Backup typeWhat it capturesRestore use
Filesystem copy of dataDirWAL segments, sidecar checksum files, Raft metadata, and local snapshots.Preferred for replacing a single failed machine with the same nodeId.
Hot Backup (persistence.backup-dir)Operator-triggered group snapshots plus a manifest under a separate backup directory.Point-in-time snapshot retention and off-host archival. Keep alongside full dataDir backups until a dedicated restore command is introduced.

Store backups outside the live disk. A local copy on the same volume does not protect against a machine or volume loss.

  1. Configure each member with a persistent dataDir.
  2. Configure loomcache.persistence.backup-dir on a different disk or mounted object-store path.
  3. Set loomcache.persistence.hot-backup-interval-seconds for periodic Hot Backup, or trigger CacheNode.triggerHotBackup() from an operator hook.
  4. Keep regular filesystem backups of the full dataDir tree, including WAL segment sidecar files and snapshot files.
  5. After every backup job, verify that the copied tree contains the node’s WAL directory, snapshots/, and checksum sidecars. For Hot Backup, verify the newest hot-backup-<nodeId>-<timestamp>.properties manifest and every referenced group snapshot file.

Replace one dead machine when quorum survived

Section titled “Replace one dead machine when quorum survived”

Use this path when the cluster still has a majority and is serving traffic.

  1. Confirm the failed member is absent from /api/cluster/status or the management dashboard.
  2. Provision a replacement host with the same LoomCache version, port configuration, TLS/security material, and nodeId as the failed member.
  3. Restore the failed member’s most recent dataDir backup to the same configured path on the replacement host.
  4. Preserve ownership and permissions for the process user.
  5. Start the replacement member.
  6. Watch startup logs for snapshot load, WAL replay, and Raft metadata validation. Startup must fail closed on corrupt WAL/snapshot data; do not delete files to make the node boot unless you intentionally choose partial recovery.
  7. Wait for the member to appear in cluster status and for partition migration/backup-promotion metrics to settle.
  8. Run read checks for critical maps and a low-risk write/read smoke test.

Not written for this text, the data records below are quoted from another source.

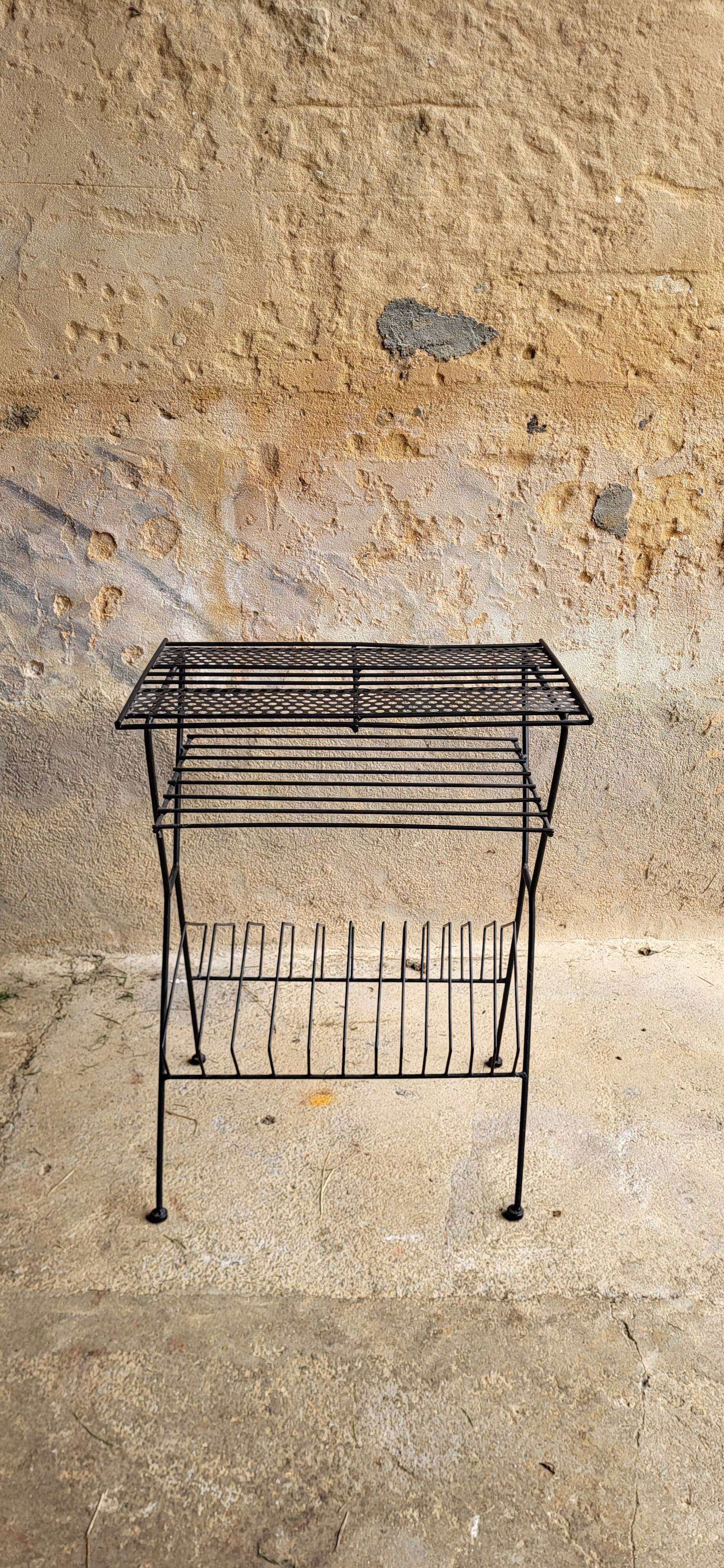 Metal magazine/vinyl rack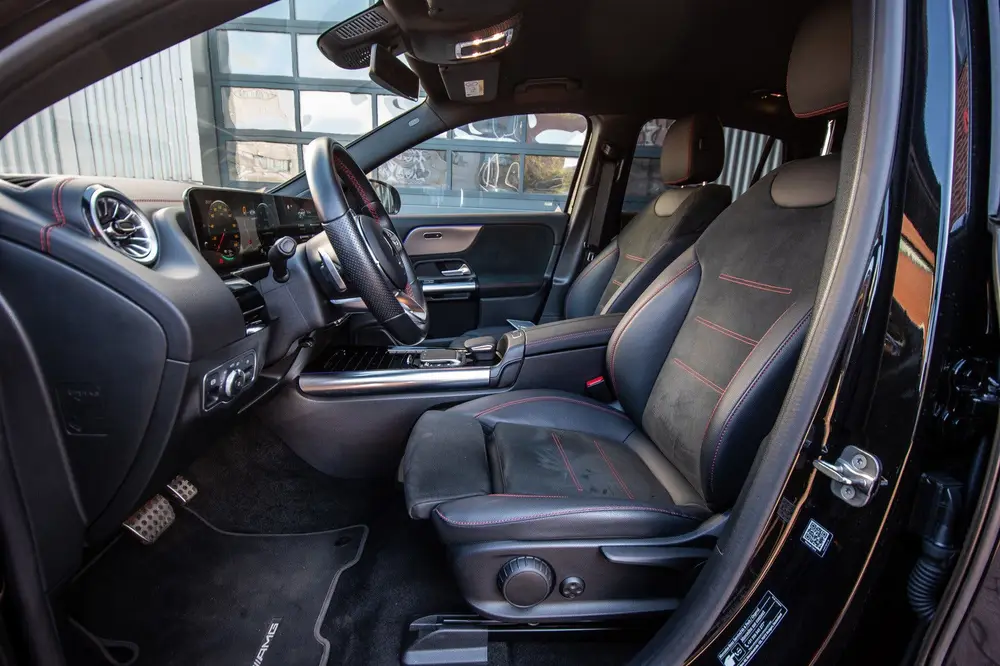 Mercedes-Benz EQA 250+ AMG Line 71 kWh uit 2023, foto 4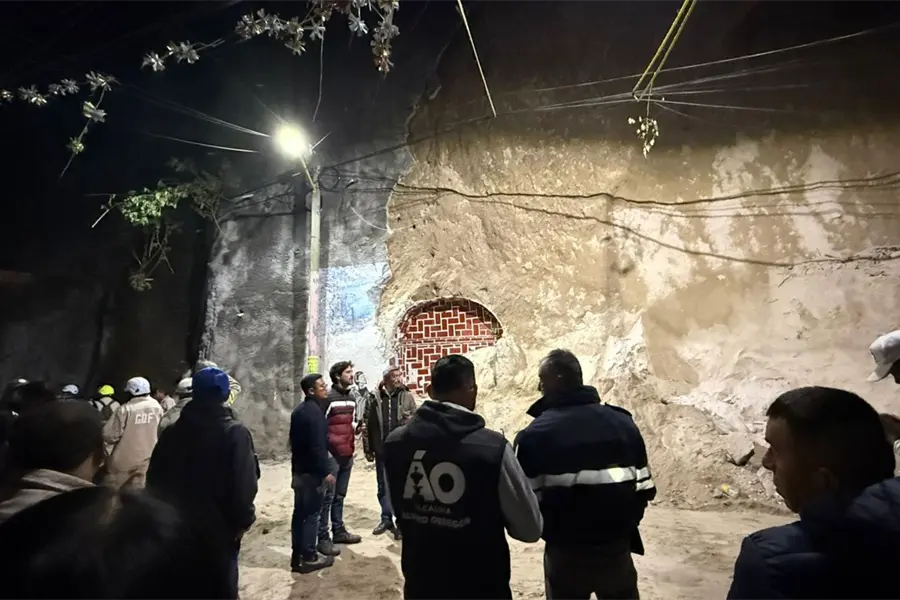 Continúan los trabajos de reparación tras deslave en la colonia Acuitlota, en Álvaro Obregón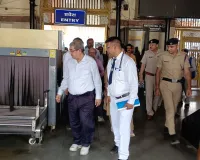 Bareilly News : स्कैनिंग मशीन देख बोले जीएम ''ये काम करती भी है या नहीं''
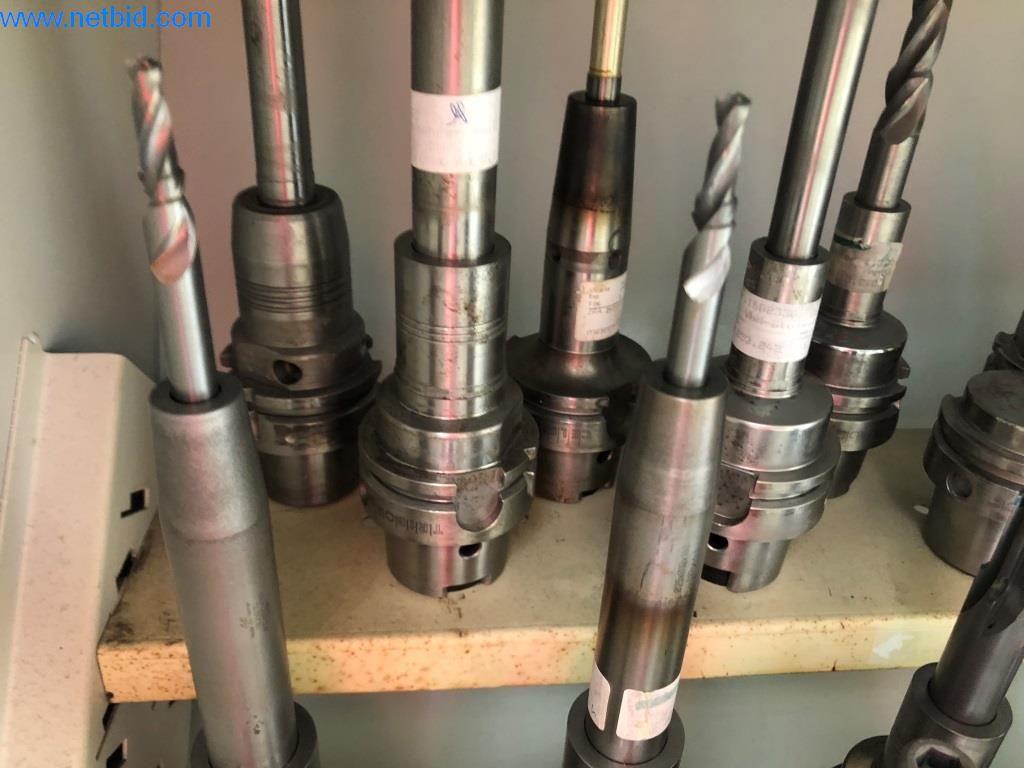 Máquinas e sistemas (fundição injectada de alumínio para a indústria automóvel e de fornecimento automóvel)-2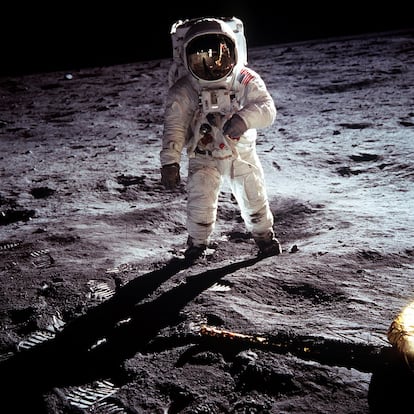 El astronauta estadounidense 'Buzz' Aldrin es fotografiado por Neil Armstrong sobre la superficie lunar cerca del módulo espacial 'Eagle', el 20 de julio de 1969. 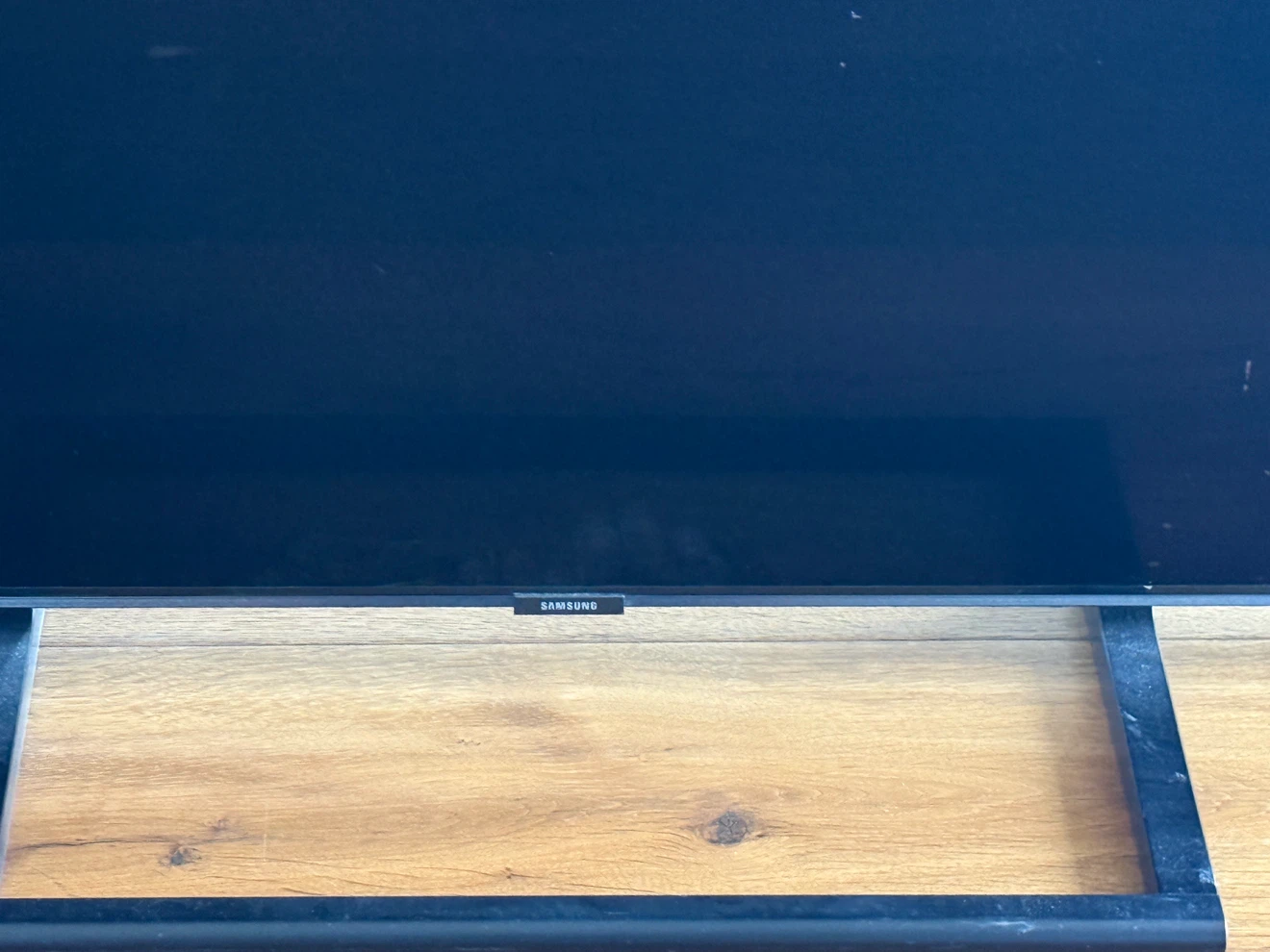Samsung TV with Stand - photo 2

If no dataDir backup exists but the cluster still has quorum, start a clean replacement with the intended nodeId only after confirming the remaining members own the latest committed data. The cluster will rebuild ownership through normal membership and migration flows; the lost node-local WAL cannot be reconstructed on disk.

Use this path when too many machines died for the remaining cluster to make progress.

  1. Stop every surviving member to prevent mixed old/new recovery attempts.
  2. Pick a consistent backup point across enough members to form a majority. Prefer backups taken from the same maintenance window.
  3. Restore each selected member’s full dataDir backup to a replacement host with the same nodeId.
  4. Start only the restored majority first.
  5. Verify Raft startup, cluster state, and data smoke tests before admitting extra clean members.
  6. After the restored majority is healthy, add remaining members one at a time and let migration finish between adds.

Use cluster-data-recovery-policy=FULL when you require every persisted group to validate before startup. Use PARTIAL_MOST_RECENT or PARTIAL_MOST_COMPLETE only during an explicit incident response where availability is more important than rejecting an incomplete local recovery.

  • Latest backup timestamp is within the recovery point objective.
  • nodeId in configuration matches the restored data directory.
  • WAL .checksum sidecars and snapshot files are present.
  • Startup logs show successful snapshot load and WAL replay, or a deliberate partial-recovery decision.
  • Cluster state is ACTIVE.
  • Partition migration has no active failures.
  • Critical maps/lists/queues pass read checks.
  • A low-risk write/read smoke test succeeds after the member rejoins.

If validation fails, stop the replacement member, move the attempted dataDir aside, restore the previous known-good copy, and start again. Keep the failed attempt for forensic analysis; it contains the WAL/snapshot evidence needed to debug corruption or version-mismatch failures.